ミルカがギガイルの店でのことを恐る恐る話す。
「はぁ? このちっこい奴に? 舐めた真似しやがって! …………ぶっ殺す」
「ちょっ、落ち着けって! そのまんま行ったら店ごと崩壊するぞ」
剣に手をかけた兄さんにぶら下がったキールさん。あまりの剣幕に瞳を大きくした。
「……オレが悪いの。レイが、レイがもっと意地悪されたらどうしよう」
そうだ。オレのモヤモヤ、これだった。あの店で仕事をもらっているレイ。オレの魔力が暴走しちゃって、化け物だって言われちゃって。レイに何かされたら……。

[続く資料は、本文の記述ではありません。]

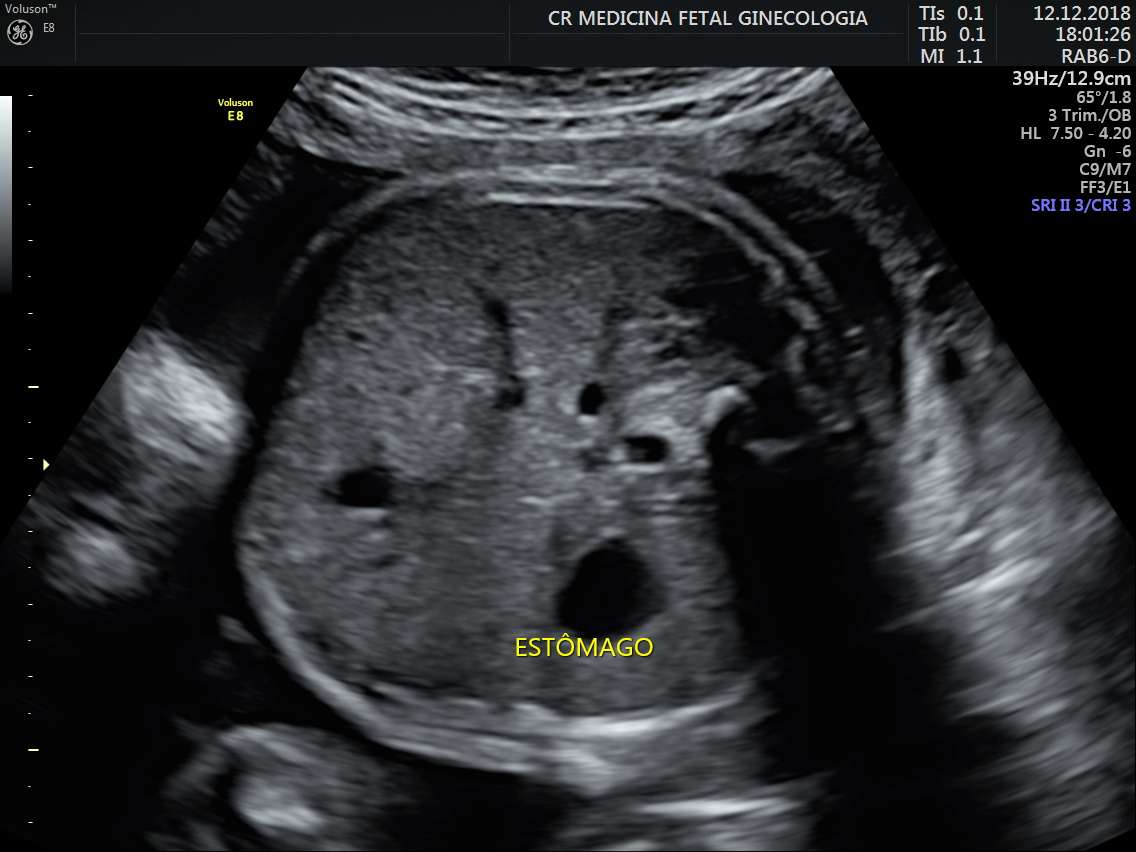 Growth Scan Cr Fetal Medicine 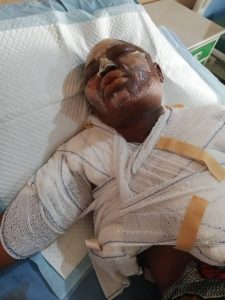 Comfort Ajayi: The fire accident victim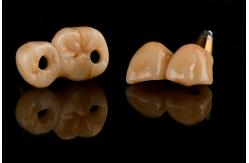 China Self Tapping 3.0mm Thread Dental Titanium Implant Optimized Functionality supplier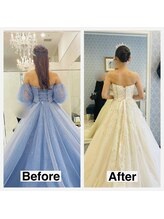 ライズ/お客様のビフォーアフター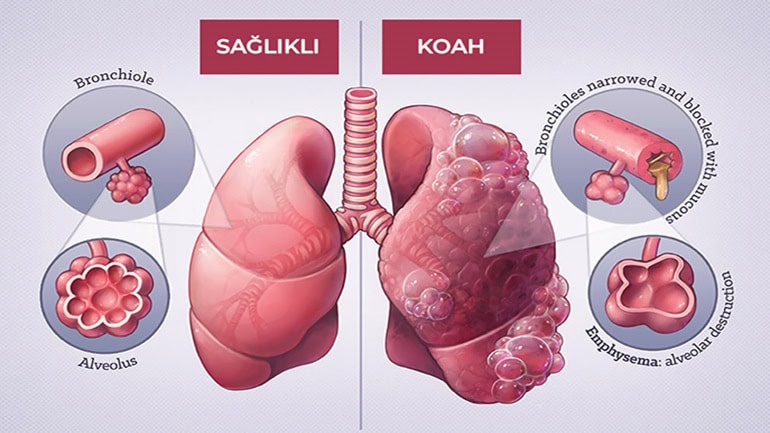 KOAH nedir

「あの……。奥様が店員達に厳しくお話くださったので、きっと大丈夫です。イチマツ様がいらっしゃれば、こんなことにならずに済んだのに。申し訳ありません」
上目遣いで謝罪をするミルカ。ミルカは何にも悪くないのに。
だけど、もうもうと怒りの炎が露わになった馬車内は最悪の雰囲気だ。居た堪れなくなったオレがふいと外を見ると、商業区が街灯でオレンジに照らされていた。
「あっ! 停めて」
一軒の道具や。くぐもった古窓の向こうに、たくさんの石を見つけたオレは思わず馬車を停めた。空間収納から磨いた石を一つ出す。
「石屋さん、かな? これ、売れる?」
ミルカに聞くと、兄さんがオレを掴んで馬車を降りてくれた。
「色々、さわんじゃねぇぞ。ここは馴染みの店だ。 聞くだけだかんな」
「ーーらっしゃい。 ん? 坊か?」
ニット帽とメガネの老人が新聞を手に気怠く声をかけた。兄さんのことを知っているみたいだ。
「耄碌してんじゃねぇぞ、くそ爺。ちょっと見てもらいテェもんがある」
カウンターに肩肘をついて外を伺いながら、オレに目配せをした。
もう! お行儀が悪いなぁ。
だけどカウンターに乗せられてしまったから正座をして店主と向き合う。そして、ツルツルに磨いた大きめの石をポケットから一つ出した。
「坊はこっち。弟だ」
オレの頭を掴んで、老人に差し出した兄さん。ぶっきらぼうな物言いに、老人は片眉をあげ、メガネを外して石をみる。
「嘘だね」
「嘘じゃねぇ」
「そいつは坊とは言わんねぇ」
「じゃぁ餓鬼か? きひひ、餓鬼にしちゃ、でき過ぎだろう?」
不思議なやり取り。だけど兄さんは微妙に自慢気だ。
「そいつぁ、御子じゃ」
「なっーーーー?」
次の瞬間、兄さんの剣の切先が店主の喉に向く。
コトリ。
カウンターに置かれた石が乾いた音を立てた。店主は兄さんをじっと見つめ、微動だにしない。オレだけが一人震えていた。
「見誤るな、坊。 御子の前じゃ、切れんだろう?」
「…………くっ」
荒くなった吐息。兄さんはオレをチラと見て、長く息を吐いくと、チャッと音を立てて剣をしまった。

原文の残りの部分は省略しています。